[Opening The data section]

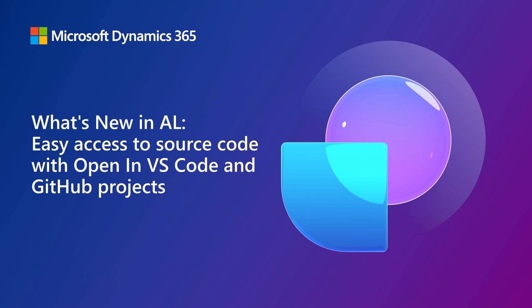Hi, my name is Stefan Belslev and for the next few minutes I'm going to take you through some of the changes that we've done to the open in VS Code and GitHub projects.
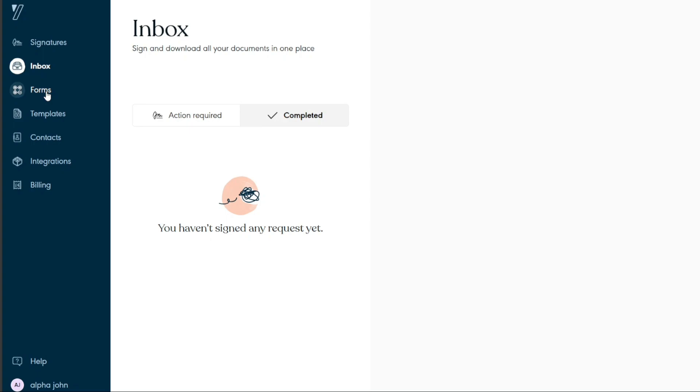If you frequently use templates, you can find them in a dedicated section. Templates streamline the process, especially for documents you use often.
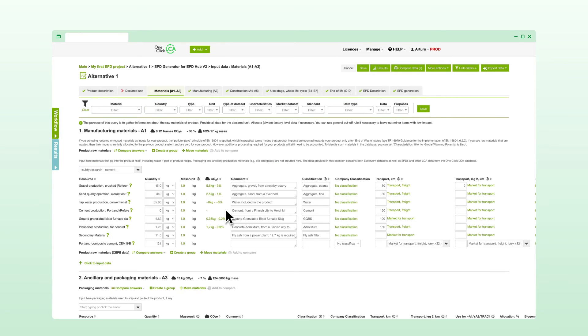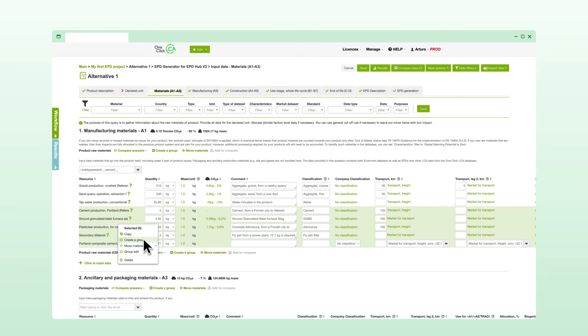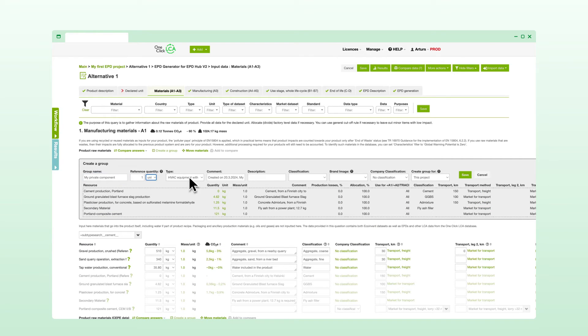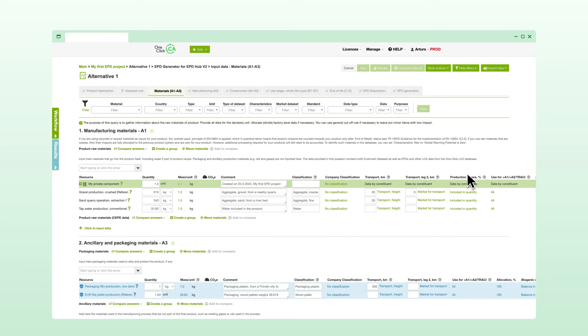Additionally, you can create an extensive private data library for your organization. This feature enables the use of non-published supplier data or the creation of reusable components combining multiple inputs.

[Closing The data section]

Exercise:
Your answer should be the lines above from the one that contains "If you frequently" through the last, set down exactly, with the pictures removed.

Output of the exercise:
If you frequently use templates, you can find them in a dedicated section. Templates streamline the process, especially for documents you use often.
Additionally, you can create an extensive private data library for your organization. This feature enables the use of non-published supplier data or the creation of reusable components combining multiple inputs.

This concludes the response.